This is my Big Damn Table, turned into a multi-chaptered novella.
One hundred stories inspired by Broke Back Mountain.
Ron looks back on his life with and without Harry.
Chapter Seventeen : Resolution
Resolution One So, he left.
He had his job, his flat, his boyfriend.
And he’d promised to visit.
He hugged Hermione and kissed her on the cheek.
He hugged me so hard I felt my ribs creak, and I felt the ghost of a kiss by my ear.
I worked non-stop on the World Cup for the rest of the summer; Harry didn’t make it to any of the games.
Hermione worked all hours too, and gave me sympathetic looks when I dropped into my armchair, exhausted, after a two day game between Spain and Peru.
Teddy and Alex returned from their honeymoon and started redecorating next door.
They’d decided they needed to change everything to make it theirs.
They started on the kitchen, which broke my heart a little more, just thinking of the times I’d gone round and found Harry sitting at the kitchen table.
September the first came and went and Harry didn’t turn up at the pub.
I waited.
Resolution Two Hermione had always loved a full house for Christmas and that year we had all the children, plus partners.
All eight children.
Alex said that Harry was working over the holidays; so many people wanted time off at Christmas and it was hard to find cover – and his patients needed him.
So we had twenty people in the house, yet it felt empty.
“I’ve owled Harry time and again,” Hermione complained over lunch. “He always says he’s coming, but he’s busy.”
“He does work awfully hard,” Di put in.
“Well, when did you last see him?” Hermione asked.
“We went over for dinner last week,” Alex said.
“How is he?” I asked.
“He’s fine, Dad,” Teddy said. “He looked a bit tired, but he said he’s been busy.”
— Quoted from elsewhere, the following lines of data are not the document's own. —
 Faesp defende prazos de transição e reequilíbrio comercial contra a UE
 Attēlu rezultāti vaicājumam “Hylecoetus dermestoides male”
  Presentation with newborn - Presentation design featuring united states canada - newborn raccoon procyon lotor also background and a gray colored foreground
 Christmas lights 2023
“Is he seeing anyone?” Hermione asked and I looked up and met Lizzie’s eyes. She wrinkled her nose at me and I shrugged.
“Yeah, actually he is,” Alex said quietly. “A nurse from the hospice.”
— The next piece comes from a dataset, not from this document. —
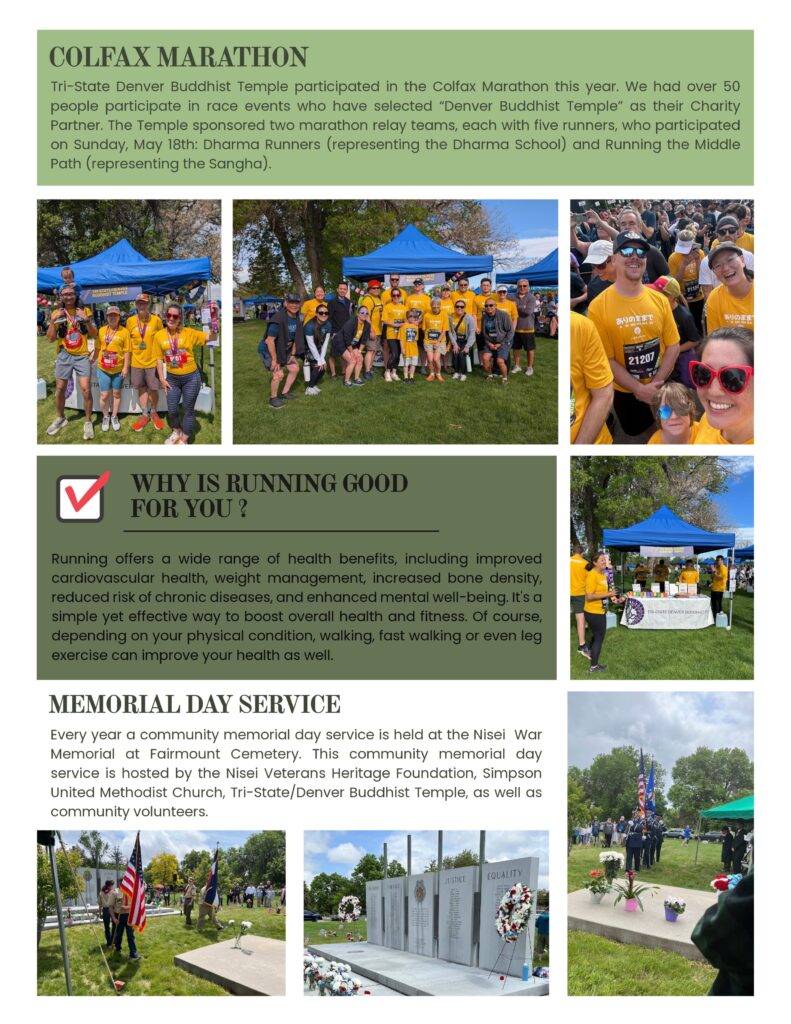 Newsletter-3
“Oh!” Hermione said. “Well, that’s nice.”
Teddy grunted.
“What?” Hermione asked him.
“Well, that’s why we went over to dinner,” he explained. “So we could meet. I didn’t like him.”
There was a ringing silence.
“Him?” Kate echoed.
“Yeah,” Teddy answered, spearing another parsnip and blissfully unaware of the reactions around the table. “Harry was waiting on him hand and foot and he was acting like this wasn’t enough; takes him for granted, if you ask me.”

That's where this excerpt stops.